Je ne procéderai d’ailleurs pas dans l’ordre car, comme disait Norge, je mets beaucoup d’ordre dans mes idées. Ça ne va pas tout seul. Il y a des idées qui ne supportent pas l’ordre et qui préfèrent crever. A la fin, j’ai beaucoup d’ordre et presque plus d’idées . De Norge, parmi d’autres auteurs, il fut justement question le deuxième jour, lors des traditionnelles Lectures caféinées, où, de bon matin, traducteurs et autres bouquinovores s’adonnent chaque année au rituel de la lecture à voix haute d’extraits choisis par eux avec pour contraintes le respect de la thématique du temps… et de la loi du sablier (trois minutes chrono!). Défi relevé entre autres par un enseignant octogénaire qui nous régale avec deux courts poèmes de notre Norge national…récités avec l’accent du midi. Doublement touchant.
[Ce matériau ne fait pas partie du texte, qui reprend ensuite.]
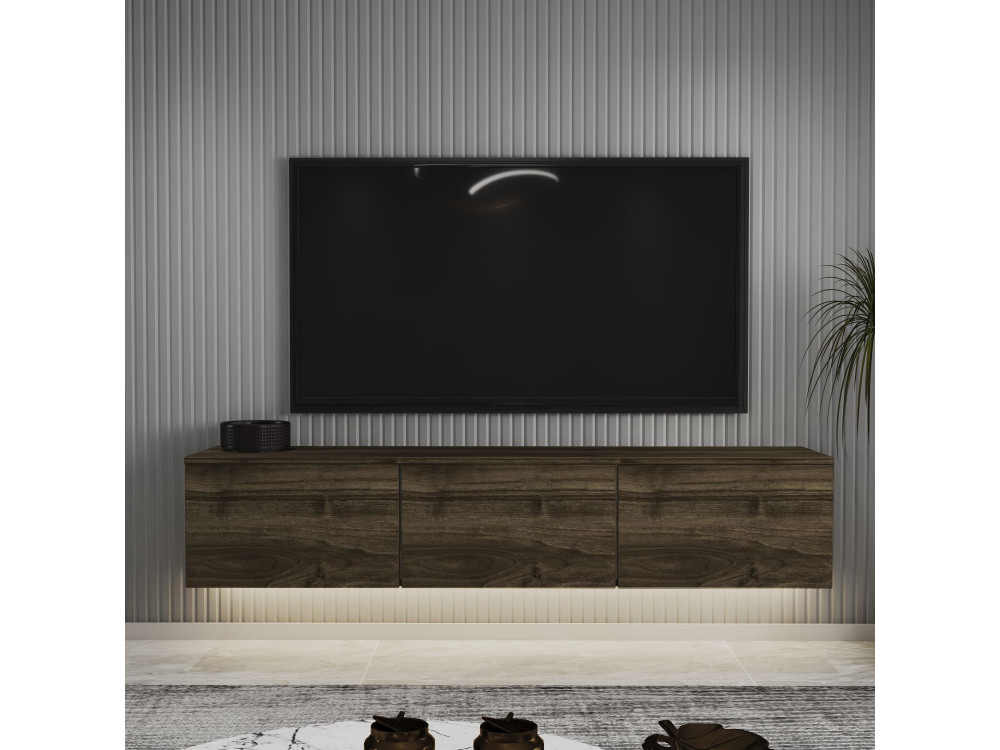 Mueble TV suspendido de madera "Neon" con iluminación LED - 160 x 32 x 35 cm - Marrón oscuro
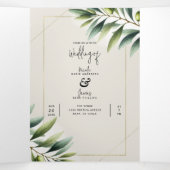 Groene Olijfblad Bone Wit & Goud Rustiek Huwelijk Drieluik Uitnodiging (Binnenkant midden)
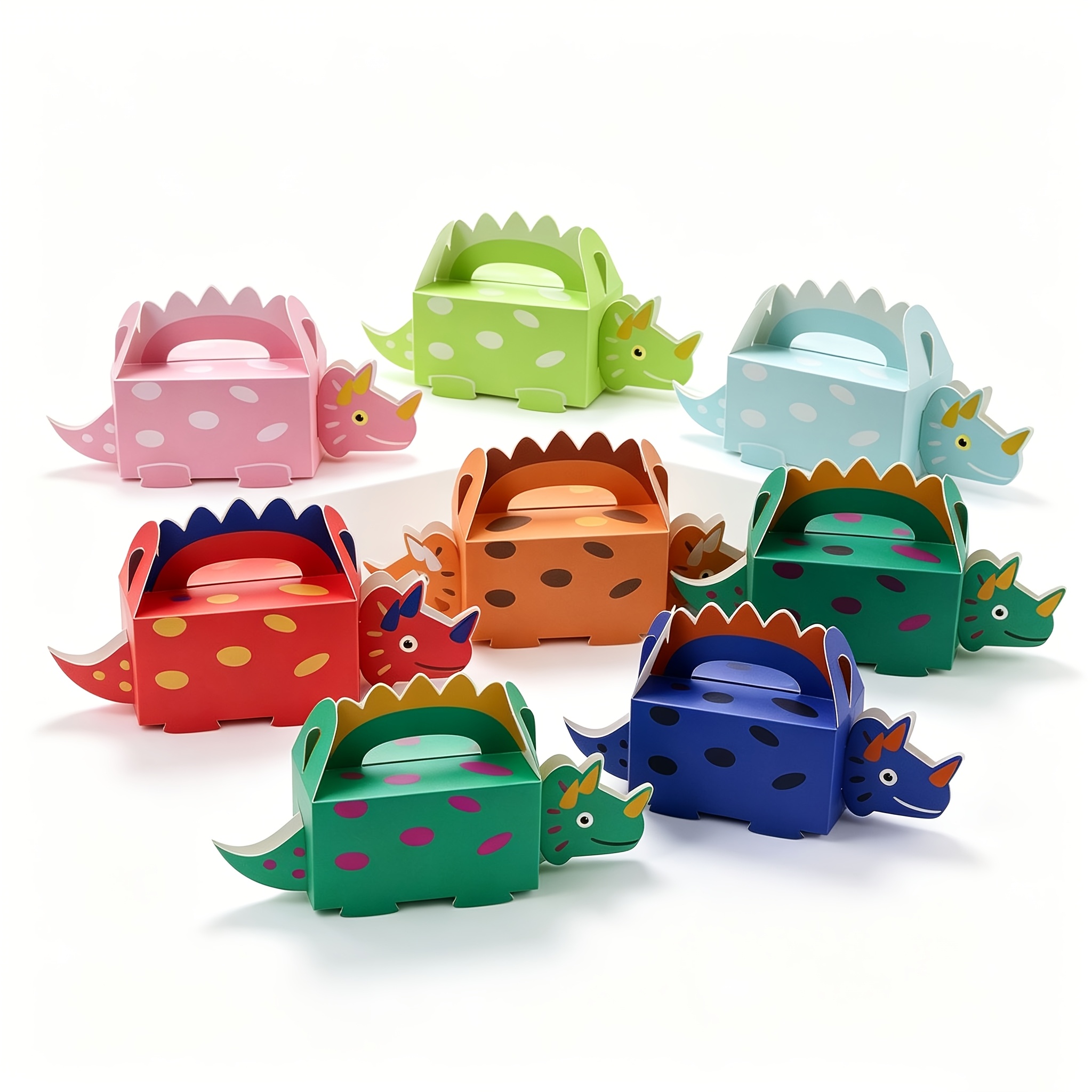 TEMU 14pcs (2pcs For Each Color) Gift Boxes, 3d Dinosaur Shaped Foldable Paper Boxes With Handle, Storage Boxes, Suitable For Christmas, Halloween,
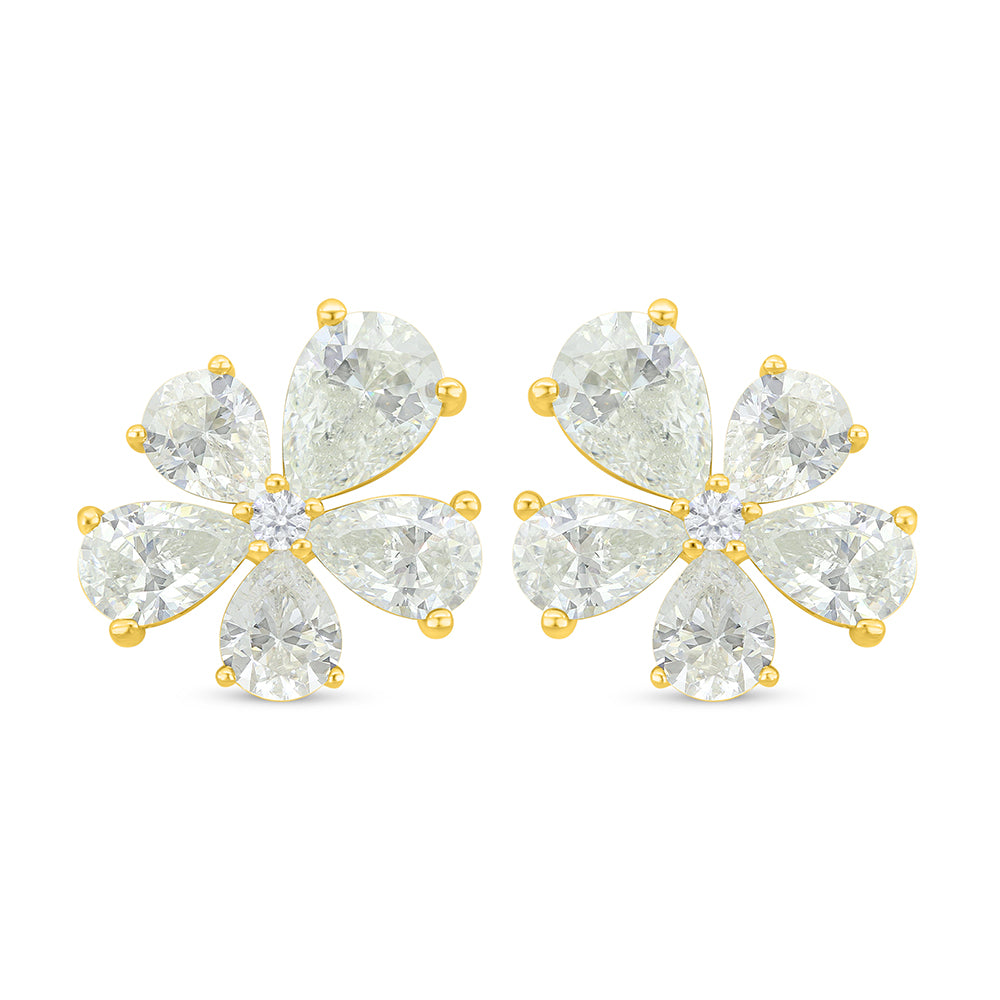 Sterling Silver 925 Earring Golden Plated Embedded With Diamond Zircon And White Zircon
C’était le premier dilemme de ces Assises puisque, dans un autre espace mais dans le même temps, se tient une activité toute nouvelle, la Chronotraduction, une sorte de concours de traduction contre la montre au règlement parfaitement surréaliste où il est question de traduire à plusieurs depuis différentes langues (dont le schtroumpf, dit le programme !) le plus vite possible, et de récolter le plus de points possibles auprès d’un jury composé d’une présidente, d’un ministre de l’injustice et d’un ministre du temps libre dont les décisions sont aussi irrévocables que contestables. « Article 7 : Le concours se déroule en trois épreuves : sprint, demi-fond et fond. L’épreuve de sprint dure 4 minutes, l’épreuve de demi-fond dure 8 minutes, et l’épreuve de fond dure 12 minutes. Le ministre du temps libre, qui est de gauche, apprécie librement la valeur d’une minute. Il est muni d’une cloche, pour marquer la fin de l’épreuve. Tout texte parvenu hors délai sera réduit en miettes. » C’est mon ami Alain Pluckers, actuellement inscrit au CETL, qui s’y frotte, et avec fruit, remportant un livre avec son équipe.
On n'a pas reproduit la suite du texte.